Fix concurrent refresh of tokens by jkakavas · Pull Request #55114 · elastic/elasticsearch

jkakavas · 2020-04-13T13:57:26Z

Our handling for concurrent refresh of access tokens suffered from
a race condition where:

Thread A has just finished with updating the existing token
document, but hasn't stored the new tokens in a new document
yet
Thread B attempts to refresh the same token and since the
original token document is marked as refreshed, it decrypts and
gets the new access token and refresh token and returns that to
the caller of the API.
The caller attempts to use the newly refreshed access token
immediately and gets an authentication error since Thread a still
hasn't finished writing the document.

This commit changes the behavior so that Thread B, would first try
to do a Get request for the token document where it expects that
the access token it decrypted is stored(with exponential backoff)
and will not respond until it can verify that it reads it in the
tokens index. That ensures that we only ever return tokens in a
response if they are already valid and can be used immediately

It also adjusts
TokenAuthIntegTests#testRefreshingMultipleTimesWithinWindowSucceeds
to test authenticating with the tokens each thread receives,
which fails without the fix.

Resolves: #54289

Our handling for cncurrent refresh of access tokens suffered from a race condition where: 1. Thread A has just finished with updating the existing token document, but hasn't stored the new tokens in a new document yet 2. Thread B attempts to refresh the same token and since the original token document is marked as refreshed, it decrypts and gets the new access token and refresh token and returns that to the caller of the API. 3. The caller attempts to use the newly refreshed access token immediately and gets an authentcation error since Thread a still hasn't finished writing the document.
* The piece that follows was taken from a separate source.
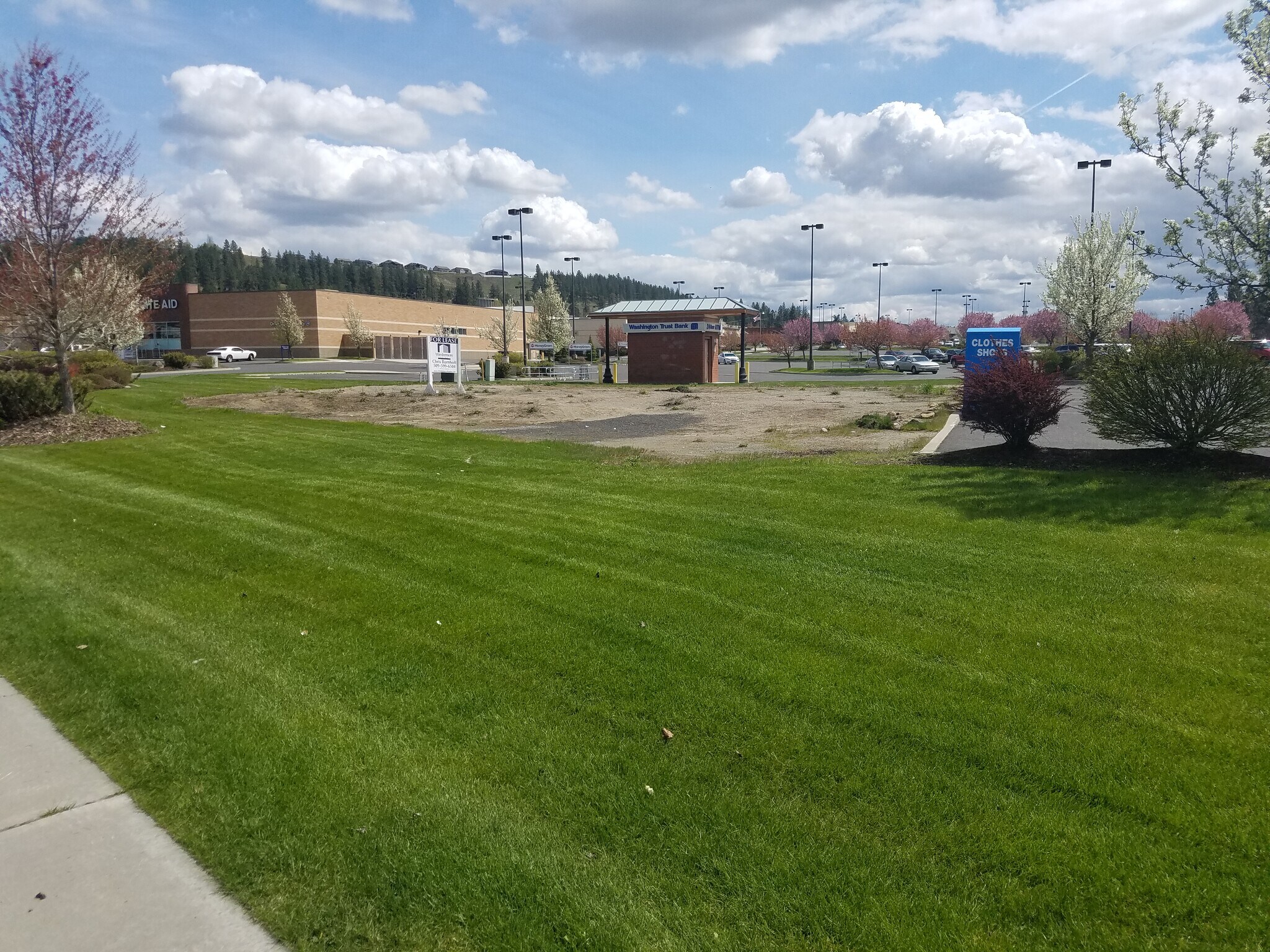 9015 N Indian Trail Rd, Spokane, WA 99208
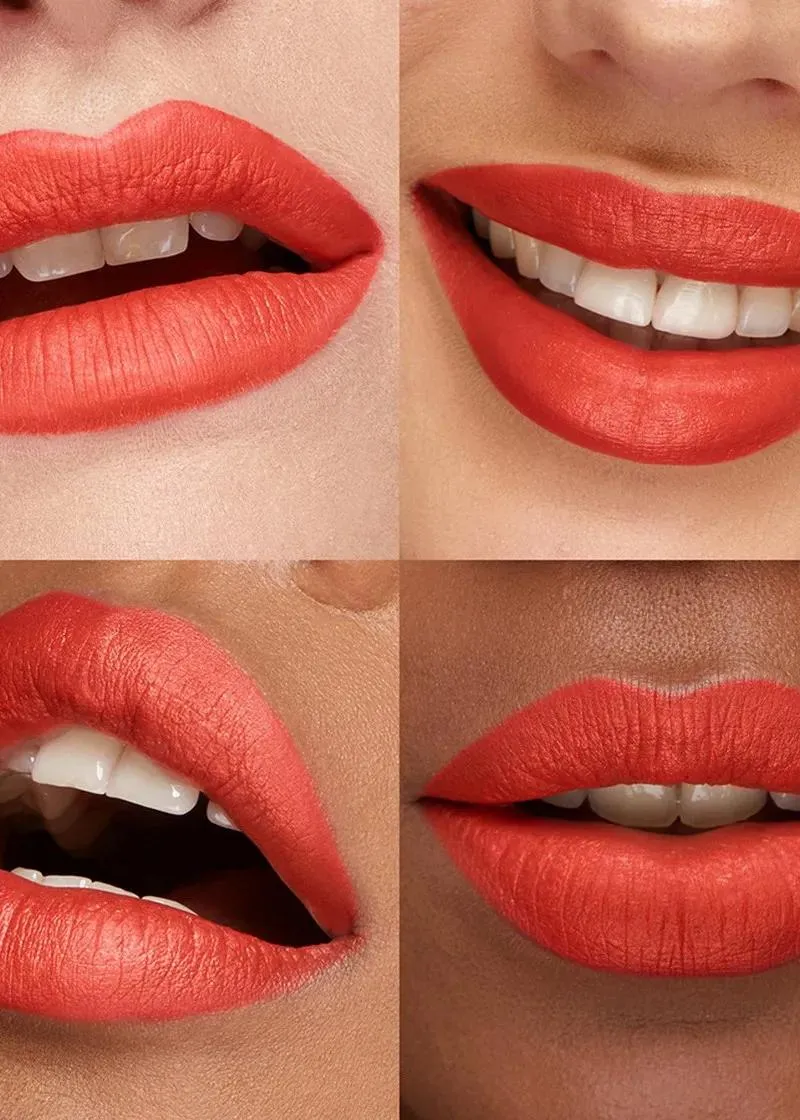 КАРМИН ЗА УСНИ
This commit changes the behavior so that Thread B, would first try to do a Get request for the token document where it expects that the access token it decrypted is stored(with exponential backoff) and will not respond until it can verify that it reads it in the tokens index. That ensures that we only ever return tokens in a response if they are already valid and can be used immediately It also adjusts TokenAuthIntegTests#testRefreshingMultipleTimesWithinWindowSucceeds to test authenticating with the tokens each thread receives, which fails without the fix. Resolves: elastic#54289

elasticmachine · 2020-04-13T13:57:28Z

Pinging @elastic/es-security (:Security/Authentication)

…fresh-and-authn

ywangd

A few minor comments. Otherwise LGTM

ywangd · 2020-04-14T02:56:40Z

x-pack/plugin/security/src/main/java/org/elasticsearch/xpack/security/authc/TokenService.java

+                            if (backoff.hasNext()) {
+                                logger.info("could not get token document [{}] that should have been created, retrying", tokenDocId);
+                                client.threadPool().schedule(() -> getTokenDocAsync(tokenDocId, tokensIndex, this),
+                                    backoff.next(), GENERIC);
+                            } else {
+                                logger.warn("could not get token document [{}] that should have been created after all retries",
+                                    tokenDocId);
+                                onFailure.accept(invalidGrantException("could not refresh the requested token"));
+                            }


Maybe extract this logic into a consumer? It can be reused for the onReponse part as well.

ywangd · 2020-04-14T03:00:15Z

...lugin/security/src/test/java/org/elasticsearch/xpack/security/authc/TokenAuthIntegTests.java

        assertThat(failed.get(), equalTo(false));
-        // Assert that we only ever got one access_token/refresh_token pair
-        assertThat(tokens.stream().distinct().collect(Collectors.toList()).size(), equalTo(1));
+        // Assert that we only ever got one anot(contccess_token/refresh_token pair


anot(contccess_token - probably some random extra keystrokes?

ywangd · 2020-04-14T03:06:10Z

...lugin/security/src/test/java/org/elasticsearch/xpack/security/authc/TokenAuthIntegTests.java

+        assertThat((int) tokens.stream().distinct().count(), equalTo(1));
+        // Assert that all requests from all threads could authenticate at the time they received the access token
+        // see: https://github.com/elastic/elasticsearch/issues/54289
+        assertThat(authStatuses, not(hasItem(RestStatus.UNAUTHORIZED)));


nits: alternatively, maybe we could verify all statuses are OK since getAuthenticationResponseCode always returns OK when no exception is thrown. It feels more precise.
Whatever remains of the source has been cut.